My grandmother died yesterday. She was one of the most amazing people I have ever known. She lived 97 years, 10 months and 15 days.
She took care of me a lot when I was a child. I loved to go over to her house and spend time with her. She loved children. She created various card games to play with me (Four on the Board was a personal favorite of mine – though the rules long ago succumbed to senile dementia). She was always up for anything.
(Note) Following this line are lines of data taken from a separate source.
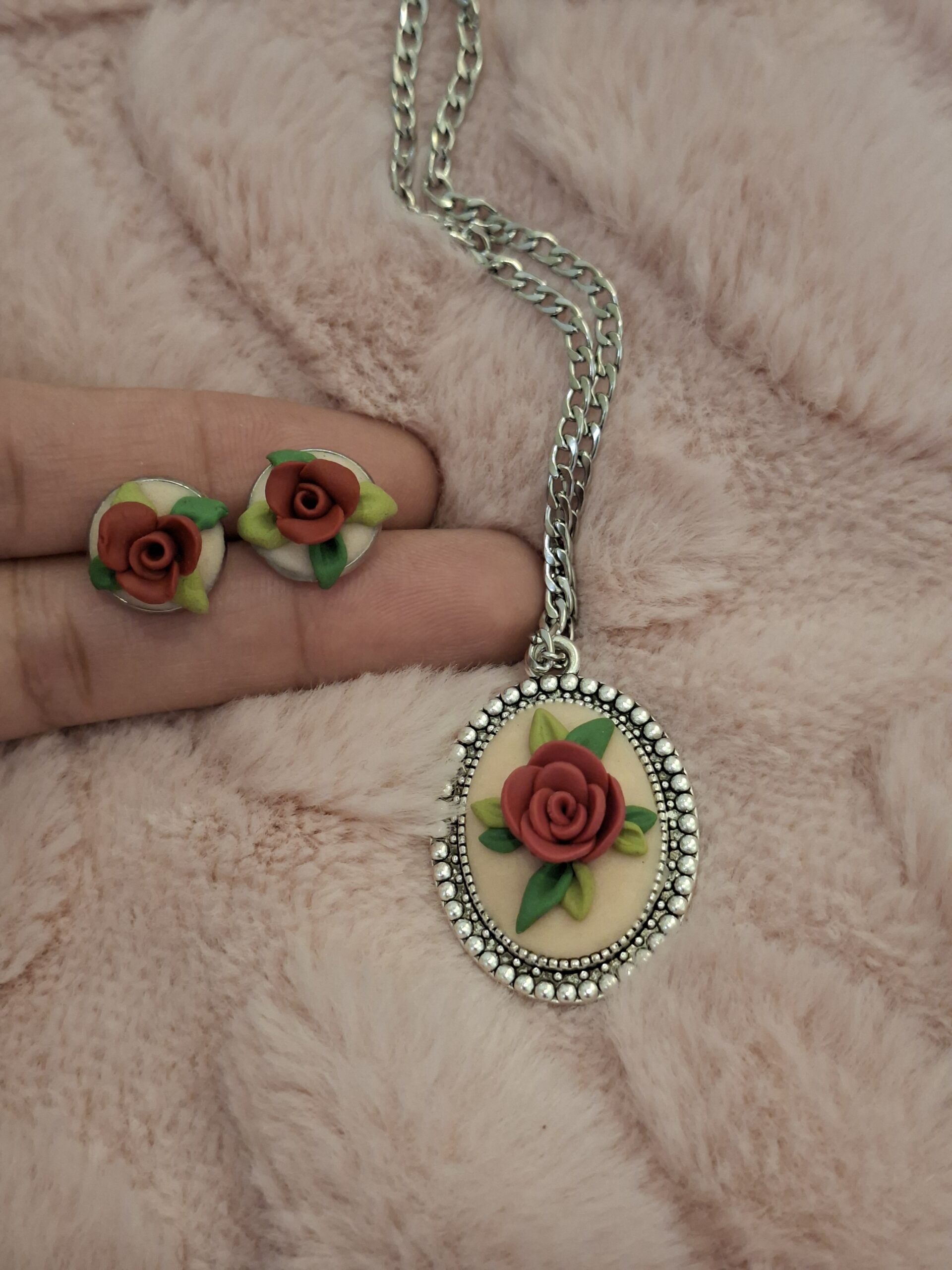 Vintage Bloom Pendant - Image 2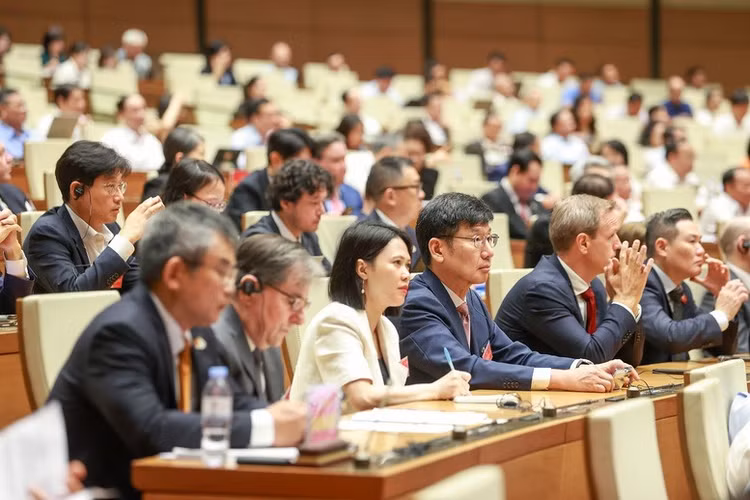 Các doanh nghiệp có vốn đầu tư nước ngoài tham dự Hội nghị - Ảnh: VGP/Nhật Bắc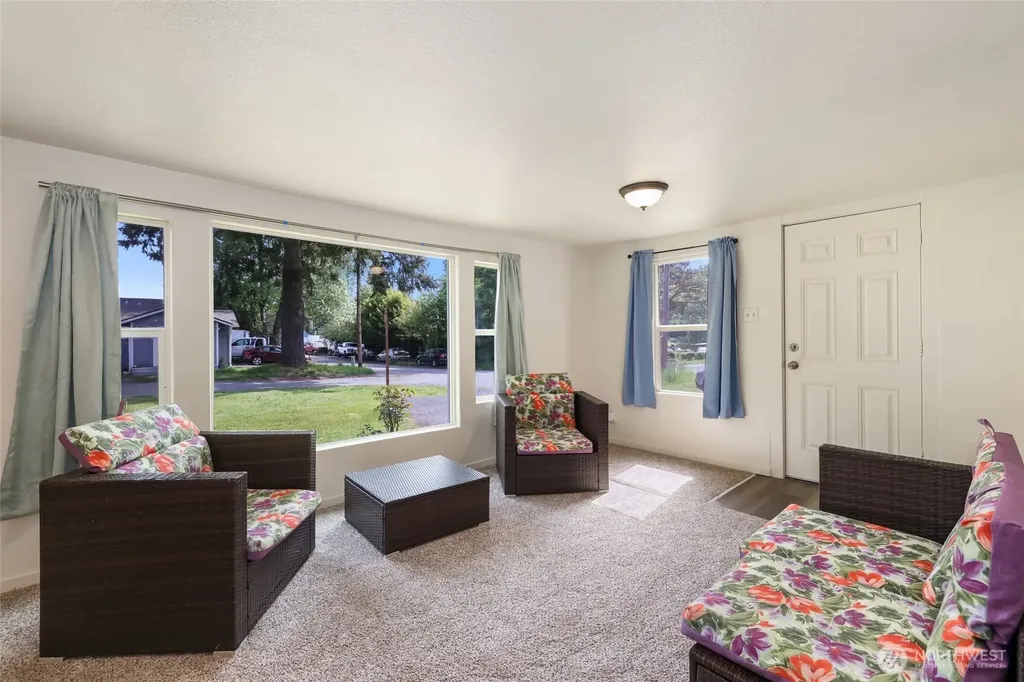 2105 Beverly Boulevard Shelton WA 98584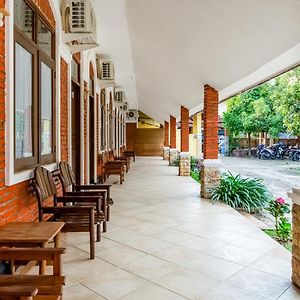 Hotel Reddoorz Syariah Near Gor Ken Arok Malang Exterior photo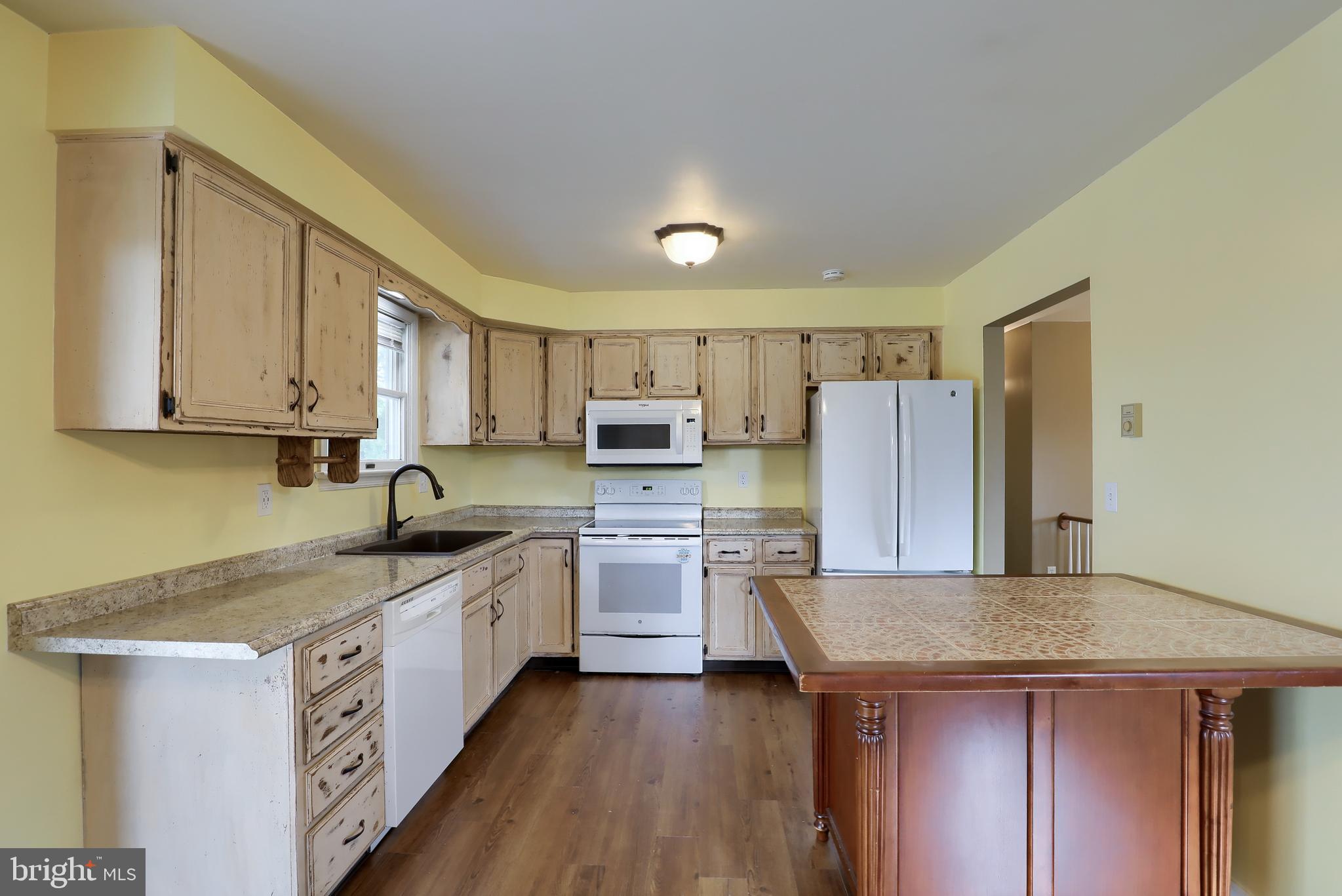 8208 ELIZABETHTOWN RD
Over the past five years, her mind slipped away. It killed me to see her like that. I left her house bawling this past Christmas (she didn’t know it was Christmas and probably couldn’t fathom the meaning of Christmas at that time). I perhaps only saw her 5-10 times between Christmas and now. Days, weeks flew by and I hadn’t seen her. Then it was too late… I am really struggling with this. I loved her so much and I feel like I may have let her down because I wanted to remember her as she was. She was always there for me, and I was busy with my own life…
So, I ask myself – what happens after we die? I wish I had faith, I wish I had an answer. Nobody in my family has died since I was 14. Nobody this close to me has ever died. Is she out there? If she is, at what stage in her life is her soul at? Is she young and carefree or is she old and confused? Is she with her husband and loved ones or do they all cease to exist?
To me, she will remain my grandma who really loved me. But, she was so much more, she was young like me, she was a girl, a sweetheart, a new wife, a mother…
Why can’t I just believe? It would be such a comfort.
I am crying at the computer. I am a mess.